If you subscribe to Hootsuite, they’ve just released a feature that gives you a pretty comprehensive report about your Facebook fan page. They call it “Facebook Insights” and any Hootsuite user that has admin access to their Facebook page can add it to their Hootsuite account and it will show them the following:
- New fans to your Page
- Demographics including: region, age, gender
- Amount of Page comments
- Number of “likes”
- New discussions
- Number of new wall posts
You’ll also see historical comparisons to see which way your pages are trending. And, like other stats in HootSuite, you can create a printable report to share with your colleagues, clients and executives.
This is definitely valuable information and more comprehensive than the Facebook analytics offered within Facebook itself.
Here’s a screenshot of a report:
There is more to the report including Interaction data and Daily Page Activity (which are readily available through Facebook’s reports so that’s nothing new) but the demographic data is strong.
I blogged about News Feed Optimization awhile ago. Since page and content interaction is incredibly important in determining whether or not your fans see your posts, this information is invaluable.
In the example above, since we know that 66% of the fans are male, there would be a couple of strategies you may want to employ. First, since the goal is more interaction, you may want to concentrate on male-oriented content. The second would be to work on increasing your female base of fans.
You should know your product’s demographics so why wouldn’t you want to encourage and/or grow your Facebook page demographics to match your products demographics?

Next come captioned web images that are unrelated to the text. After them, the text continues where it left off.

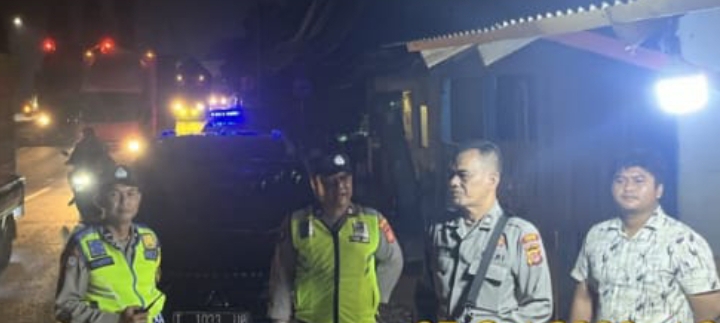 Antisipasi 3C dan Tawuran, Polsek Jatisari Lakukan Patroli Sasaran Jalan Pantura Gamon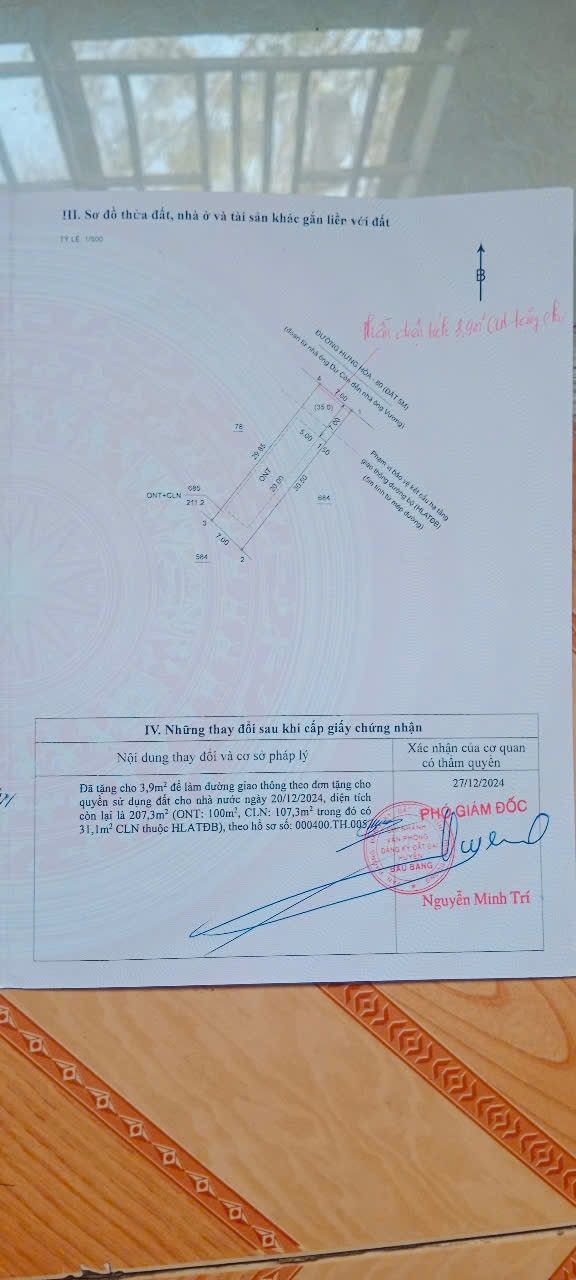 Đất ấp 3 Hưng Hòa 210m² giá 1.65 tỷ - Sổ đỏ chính chủ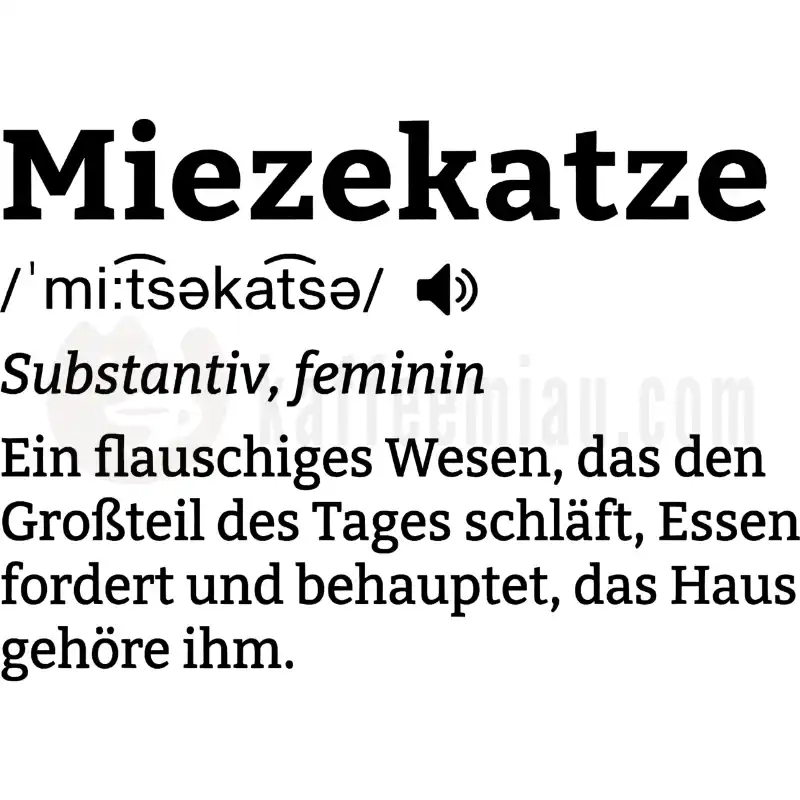 Miezekatze - Tasse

This information will also allow you to identify which content is actually generating activity which would then allow you to utilize similar content in the future.
If posting pictures of modded cars gets you a lot of responses, you’d want to post more of those. If you have a predominately female fan base and you see that the recipe you posted for cookies got a lot of attention and interaction, you post more lifestyle-type posts.
Of course, this information requires you to be a Hootsuite user to obtain (for now at least).